Balena incident

Elevated Device URLs/VPN Errors

Minor Resolved View vendor source →

Balena experienced a minor incident on November 19, 2024 affecting Cloudlink (VPN), lasting 1d 4h. The incident has been resolved; the full update timeline is below.

Started
Nov 19, 2024, 10:00 AM UTC
Resolved
Nov 20, 2024, 02:01 PM UTC
Duration
1d 4h
Detected by Pingoru
Nov 19, 2024, 10:00 AM UTC

Affected components

Cloudlink (VPN)

Update timeline

  1. investigating Nov 19, 2024, 07:29 PM UTC

    We're experiencing an elevated level of errors in our Device URLs and VPN infrastructure and are currently looking into the issue.

  2. identified Nov 19, 2024, 08:32 PM UTC

    The issue has been identified and a fix is being implemented.

  3. monitoring Nov 19, 2024, 09:24 PM UTC

    A fix has been implemented and we are monitoring the results.

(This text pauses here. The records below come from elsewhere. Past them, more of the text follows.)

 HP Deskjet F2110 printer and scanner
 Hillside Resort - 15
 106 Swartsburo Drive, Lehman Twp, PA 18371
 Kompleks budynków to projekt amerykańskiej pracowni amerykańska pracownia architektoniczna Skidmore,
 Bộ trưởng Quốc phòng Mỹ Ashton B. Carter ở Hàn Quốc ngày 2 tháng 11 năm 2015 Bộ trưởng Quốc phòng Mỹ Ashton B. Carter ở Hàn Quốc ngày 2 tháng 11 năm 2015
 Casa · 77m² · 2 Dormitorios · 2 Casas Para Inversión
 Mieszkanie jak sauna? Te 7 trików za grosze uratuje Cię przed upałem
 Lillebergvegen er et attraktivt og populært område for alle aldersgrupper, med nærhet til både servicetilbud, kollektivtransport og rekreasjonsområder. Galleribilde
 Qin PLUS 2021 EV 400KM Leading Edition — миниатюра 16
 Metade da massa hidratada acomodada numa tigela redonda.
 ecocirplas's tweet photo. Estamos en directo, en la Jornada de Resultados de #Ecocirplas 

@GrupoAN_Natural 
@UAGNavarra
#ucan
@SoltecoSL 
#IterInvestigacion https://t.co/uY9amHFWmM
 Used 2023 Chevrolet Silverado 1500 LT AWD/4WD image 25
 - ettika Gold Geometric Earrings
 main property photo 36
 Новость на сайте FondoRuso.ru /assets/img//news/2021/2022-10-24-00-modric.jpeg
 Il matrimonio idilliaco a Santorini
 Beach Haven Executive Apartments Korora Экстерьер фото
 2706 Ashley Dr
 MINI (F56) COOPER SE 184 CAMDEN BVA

  4. resolved Nov 20, 2024, 02:01 PM UTC

    This incident has been resolved.

  5. postmortem Nov 22, 2024, 02:06 PM UTC

    We observed degraded Cloudlink \(VPN\) connections following several subsequent API release deployments. These were spread out over the course of a day, and took some time to settle without any manual intervention. This is generally referred to as a "thundering herd" when 1000s of devices are attempting to connect to a new node at the same time and get rate limited. Upon investigation we found that when we are running at peak usage, the load balancing policies in place for our TCP Cloudlink connections were not optimized to avoid proxying through nodes that were scaling up and scaling down during deploys. Due to the nature of TCP, even though our Cloudlink instances were largely unmoved, the proxied TCP connections were being interrupted by the shuffle of other backend services. We have since implemented some changes to our load balancers to only route TCP Cloudlink traffic via nodes that have online and ready Cloudlink pods running. We are also in the early stages of enabling UDP connections for this endpoint and will announce more details in the future.